Laura and I knew we wanted a celebrity to showcase so people could be inspired by their story and maybe follow in their footsteps. We had a wish list. George was at the top, but come on, he’s George Clooney! We didn’t think he’d be interested, but that didn’t stop us from asking. Emails were sent to his staff and the answer was always the same; he’s not interested and too busy. Finally, we just sent an email that said, actually, we’re interested in his dog Einstein, and George doesn’t have to be involved. The rest is history. George was very excited to be a part of it. 

What was your first celebrity dog owner or show biz dog photo shoot?

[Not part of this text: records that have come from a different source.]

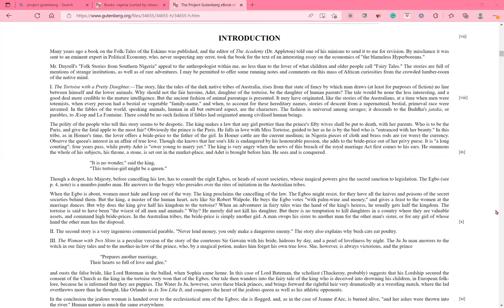Observe the queen's interest in an affair of true love. Though she knows that her son's life is endangered by his honorable passion, she adds to the bride price out of her privy purse. It is a long courting. Four years pass while pretty a debt is our young to marry yet. The king is very angry when the news of this breach of the royal marriage act first comes to his ears. He summons the whole of his subjects. His throne, a stone, is set out in the marketplace, and a debt is brought before him. He sees and is conquered. It is no wonder, said the king, this tortoise girl might be a queen. Though a despot, his majesty, before cancelling his law, has to consult the eight Igbos, or heads of secret societies, whose magical powers give the sacred sanction to legislation.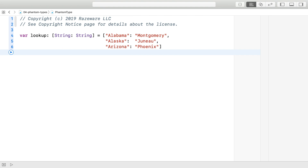Suppose we are making a quiz app with states and capitals. You might have a lookup dictionary like this, where state strings map to capital strings. While this works, it's not a great solution. The name lookup doesn't really describe what is happening.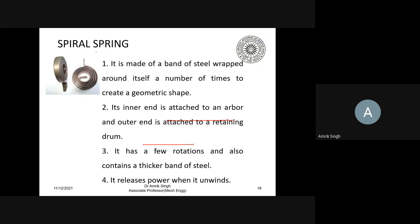The spiral spring, used in clocks and gauges, is made of a band of steel wrapped around itself a number of times to create a geometric shape — it is a strip, not a wire. Its inner end is attached to the arbor and the outer end to the drum. It contains a thicker band of steel and releases power when unwinding, as in a clock.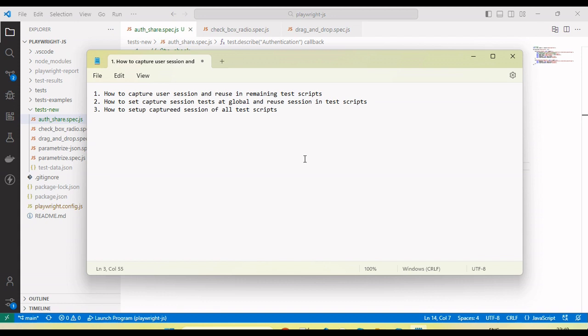Hey guys, welcome back to our YouTube channel. In this tutorial, I'm going to discuss and show you how we capture the user session from one test script and use that session in the remaining tests. So in that case, we don't need to log in again and again — just log in once and reuse the session.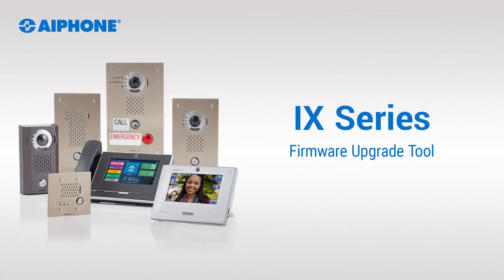Hi, this is Paul, and in this video we'll be covering the iX-Series Firmware Upgrade Tool.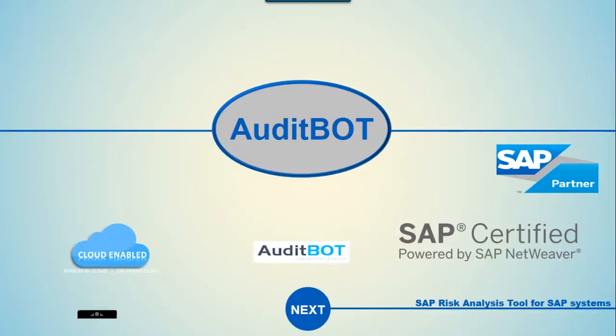We are going to look at our SAP-certified, cloud-enabled AuditBot tool for SAP Risk Analysis.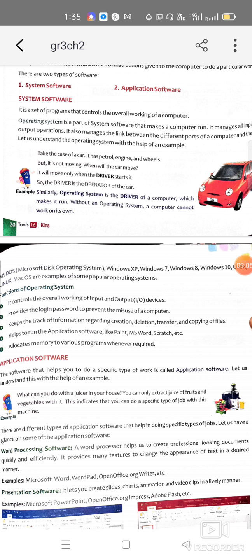The operating system also keeps information related to files — when a particular file was created, when it was updated, when it was deleted, and where it is saved. It also helps to run application software. Additionally, it allocates memory to various programs whenever required — meaning the memory space for saving anything in the computer is assigned by the operating system.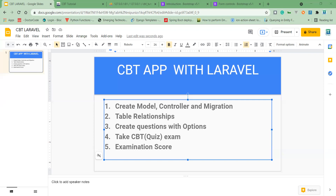Now let's quickly look at our controllers. We have a list of controllers that have been made. But before then, let's check our models. We have the model Answer, Option, and Question. What we have done in the database, we can see reflected here.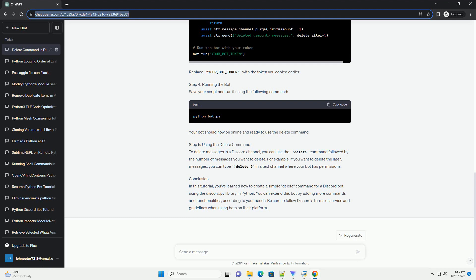Step 3: Creating your bot script. Create a Python script, example bot.py, and open it in your favorite code editor. Add the following code. Replace your_bot_token with the token you copied earlier.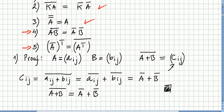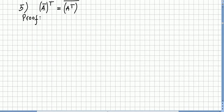The last property to prove is this: the transpose of the conjugate is the same as the conjugate of the transpose. This one is going to be heavy on notation — I'm going to do it quickly. So we have to prove that the transpose of the conjugate equals the conjugate of the transpose. Let us begin.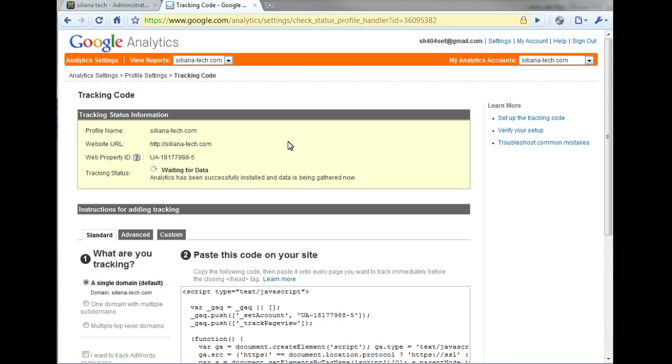Within 24 hours, you'll be able to view your Analytics data in the SH-404-SEF dashboard.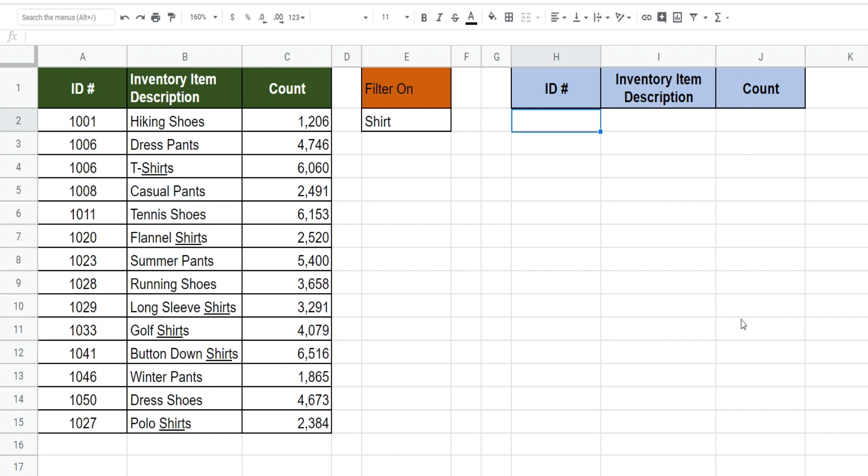In this lesson we're going to go over how you can apply the filter function in Google Sheets when you have a wildcard or partial text criteria as your filter. In our first example we'll illustrate a single wildcard criteria followed by a second example where we do multiple partial text criteria.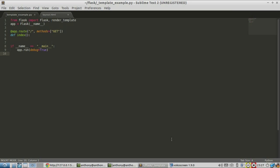This is an introduction on how to use templates in Python and Flask. Flask uses a template system called Jinja, and I'll be demonstrating how to use that here today. First, I'm going to explain why you will want to use a template system in the first place.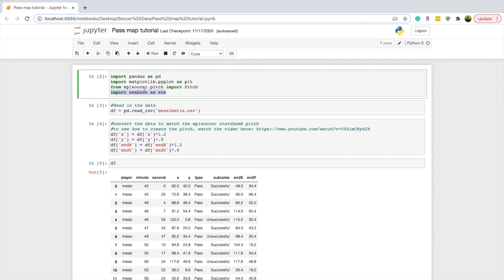You can plot certain types of graphs easier such as box plots, violin plots, swarm plots as well. So we're going to be using this. So make sure you import Seaborn as SNS and that's what we're going to be using. Then make sure you read in your data.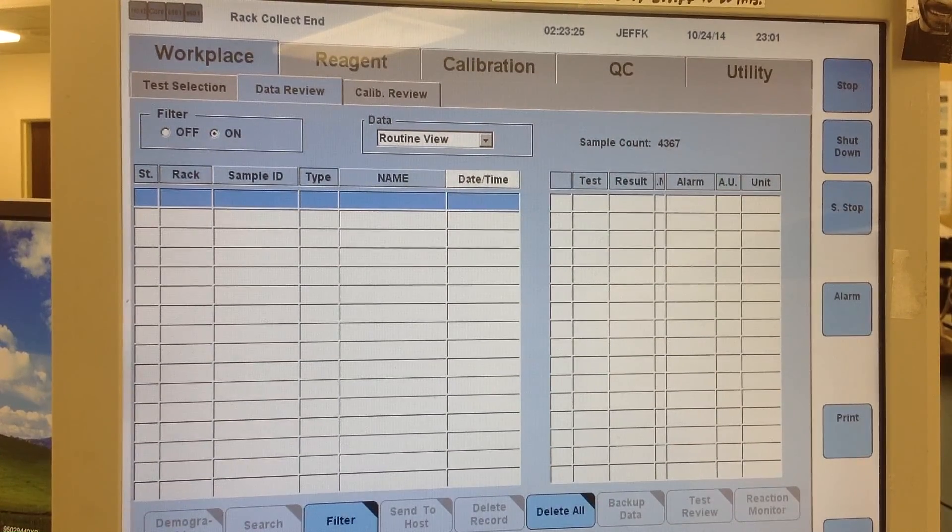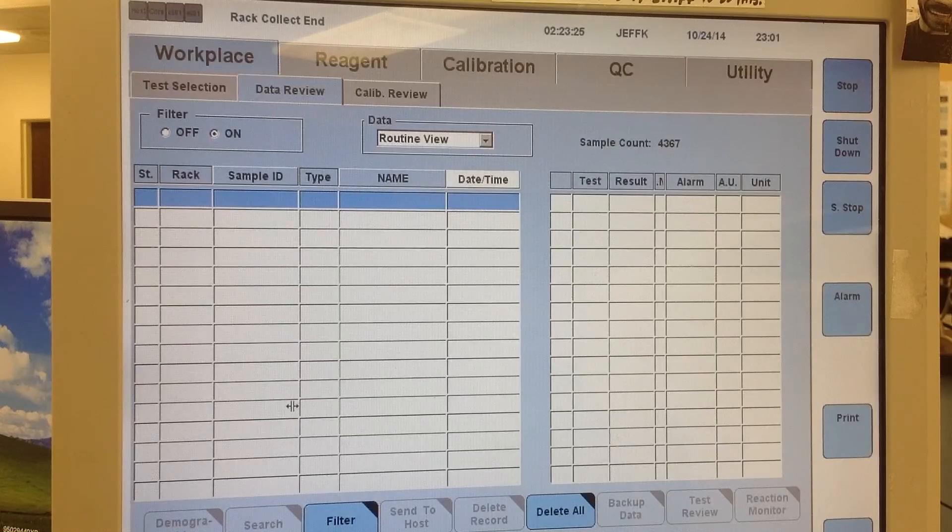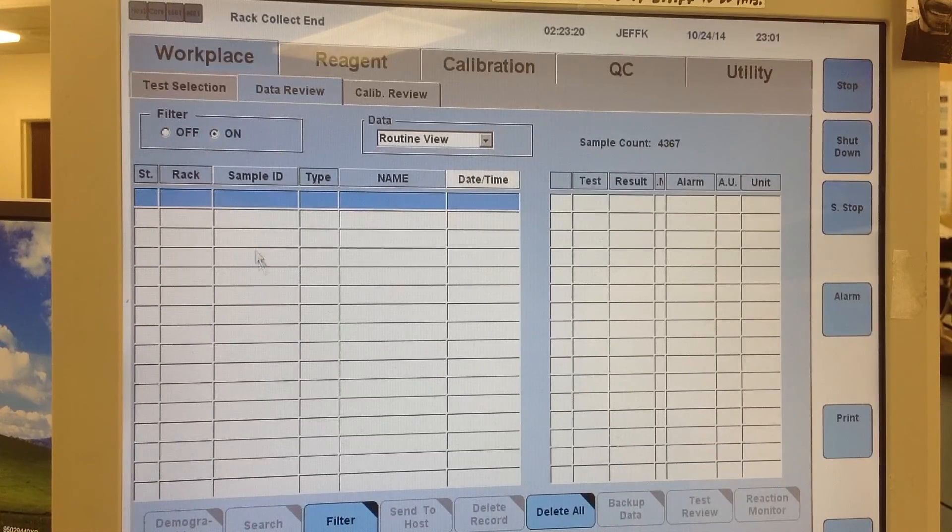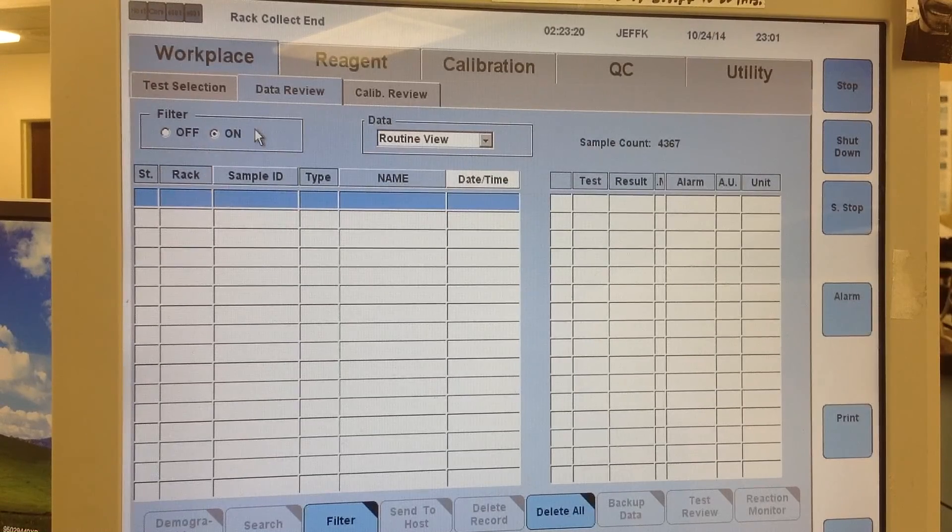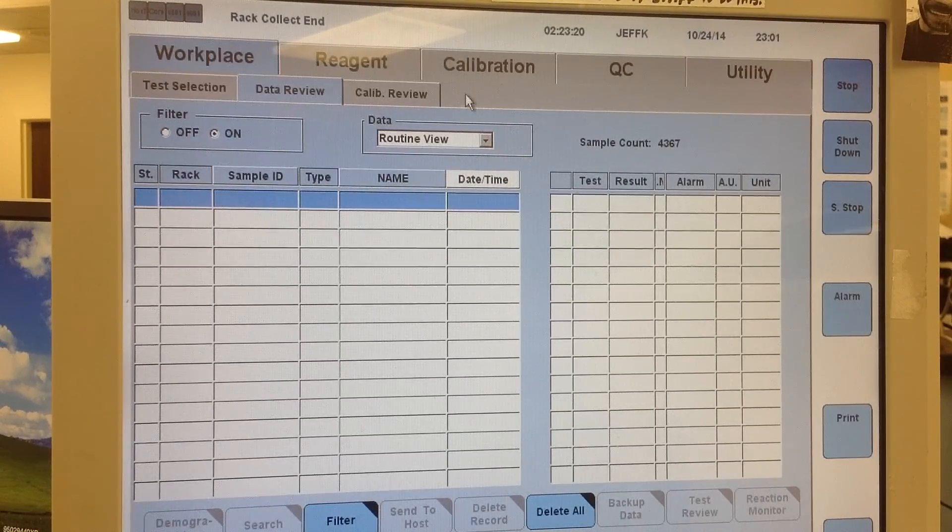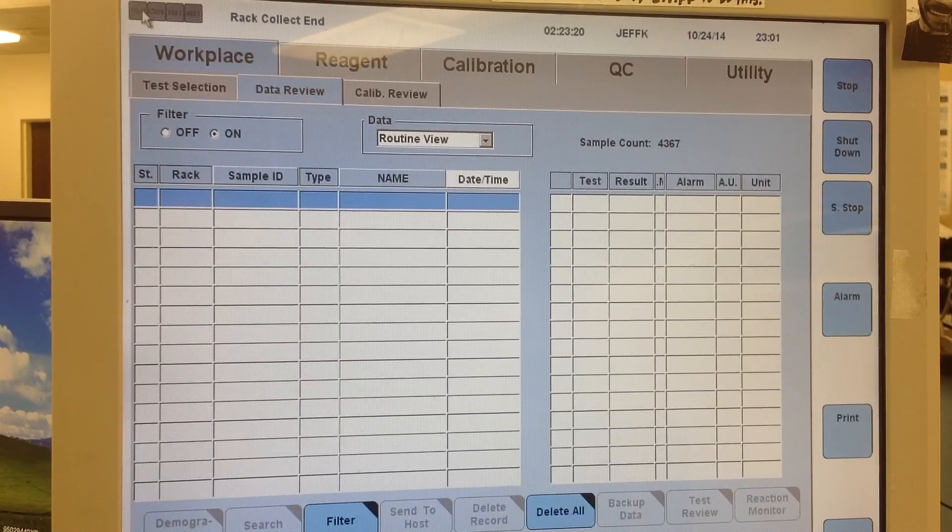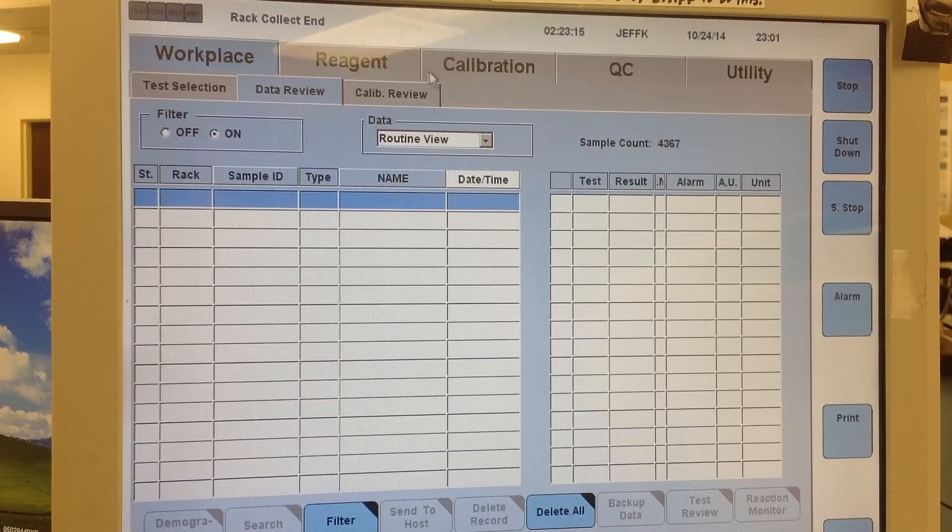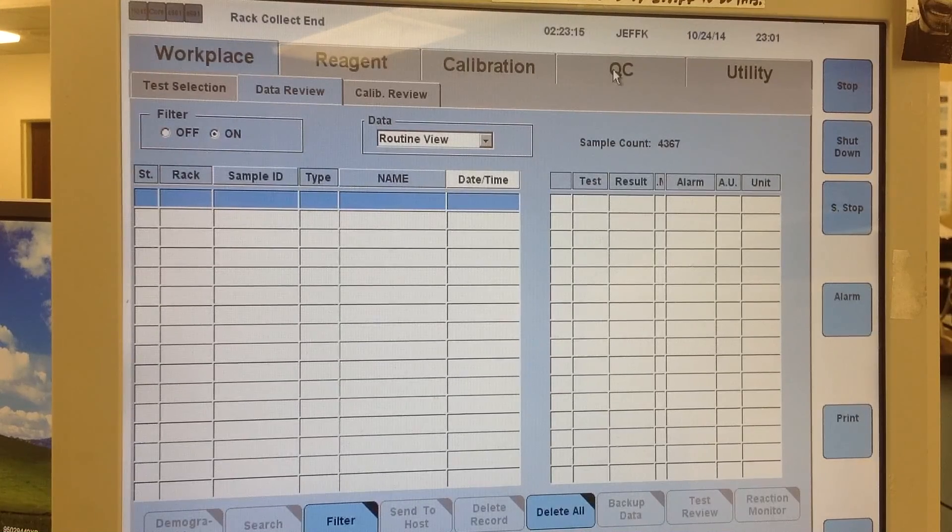So I wanted to make an additional video about ordering QC and calibrations. In the instance that you have to order specific QC and calibrations, and not just what the instrument recommends or all the QC, this is how you'd go about doing it.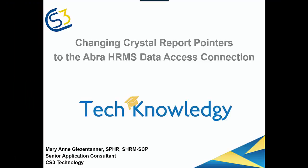My name is Mary Ann Giesentanner. I'm a Senior Application Consultant with CS3 Technology. Today I'd like to talk about changing your crystal report pointers to the ABRA HRMS Data Access Connection.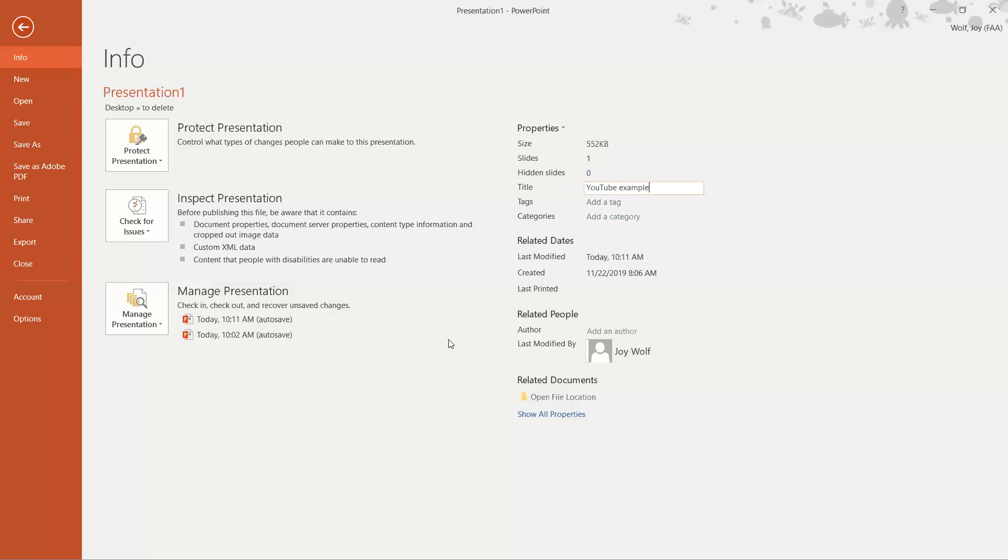And again I just click away and I can see that it's the title that I want to keep in there. And that's all there is to it.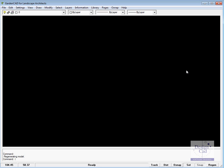Well, let's take a first look at GardenCAD. When you start the program, this is what the screen will look like.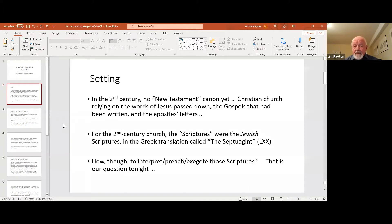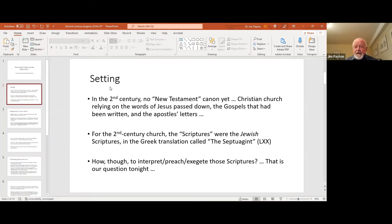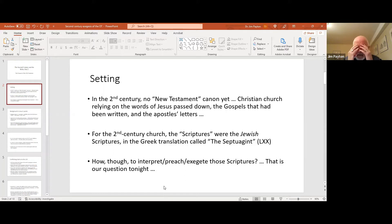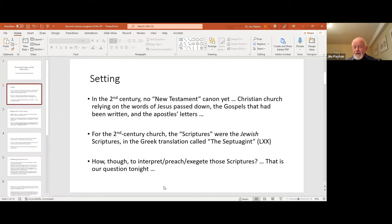When Paul says in First Timothy 3 that 'all scripture is inspired by God,' he's not talking about Matthew, John, Romans, or First Corinthians — he's talking about what we would now call the Old Testament. Christians were looking to the Septuagint, but the question was: how should they interpret, preach, and exegete these scriptures? What would become the New Testament was being used, but it wasn't called the New Testament yet. It's only much later in the second century that people start talking about an additional canon beyond the Jewish scriptures.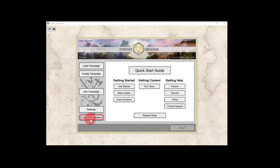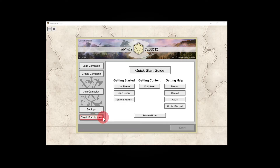Down here in the lower left-hand corner, you'll see a check for updates button. You can see that I have a red ring around my button. That means that I have an update ready to go.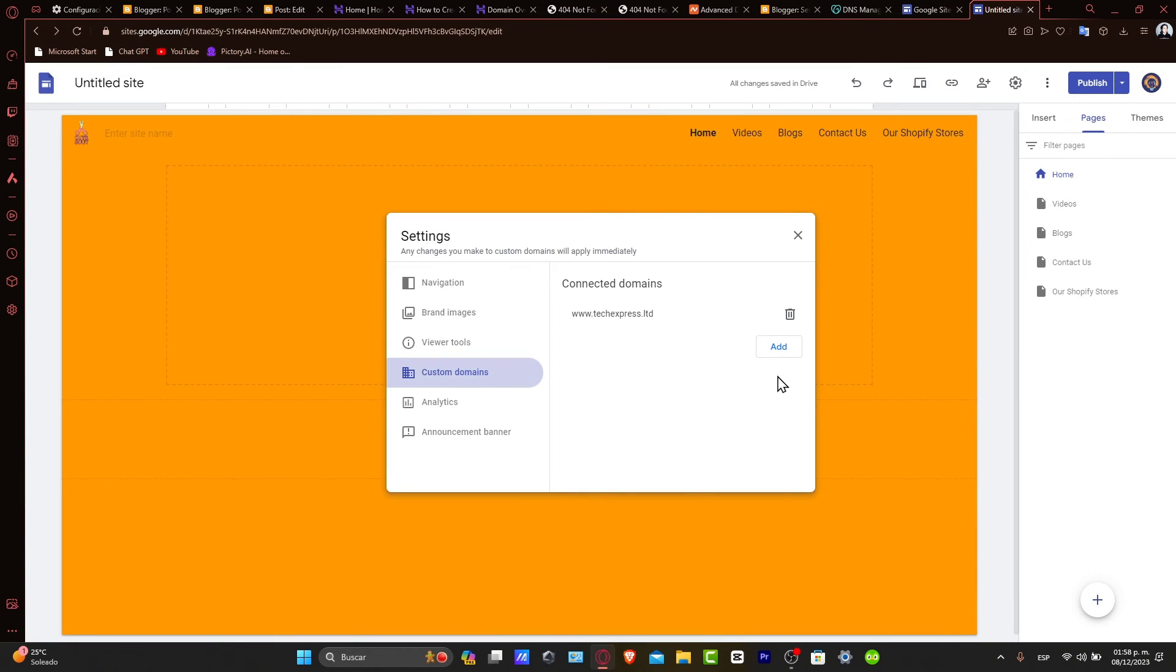So guys, you have successfully created a subdomain with Hostinger. You can now start developing and organizing your site content under the new subdomain.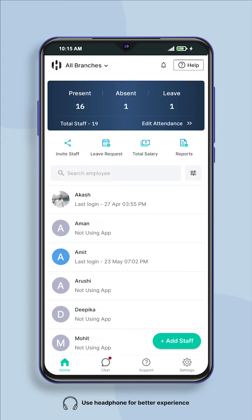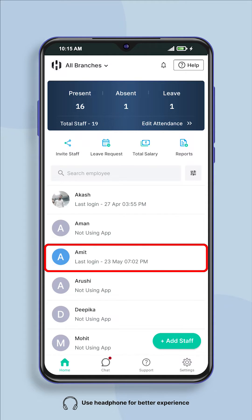First of all, go to the home screen of the app and select the employee whose attendance location you want to set from the employee list.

My very first celebrity photo shoot was with Hollywood tough guy Danny Trejo. Oh my goodness! I was very nervous. I was photographing him with his adopted dogs at his home. I had limited time and had to set up my lights and giant backdrop. I found a great spot and started setting up. I was so nervous I wasn’t paying attention to the ceiling, and in a matter of seconds, the backdrop stand slipped out of my hands and I reached to grab it, and in the process the leg hit the ceiling light and it came crashing down, shattering at my feet. I was mortified! I looked up and everyone was looking at me. I sputtered out an apology and started picking up the glass. Danny rushed over to me and said, "Don’t pick that up. You’ll cut your hands. Sit down, let me get you a cup of coffee. One of my guys can clean this up.” OMG! What an amazing guy! He made me feel better and I was able to finally relax, and I got a great shot. 

What’s your Italian heritage?

My grandmother Julia on my father’s side was from Genoa. Ferruzi was her maiden name, and my Italian heritage always resonated with me. I loved watching my grandmother cook, and her sense of style was awesome. She would paint my tiny fingernails to match her own, and I’d go through her closet and dress up in her dresses and jewels. I always wanted an Italian last name like she had, and now I have one!

Do you have any advice to someone interested in getting a family pet or volunteering at a shelter?

Of course! If you’ve been considering getting a pet or volunteering, it’s so simple these days. You can check out Best Friends Animal Society to see if they’re in your area as well as finding your local animal shelter online. They’ll be happy you did, and so will you. Today’s technology makes it so easy to meet your new BFF.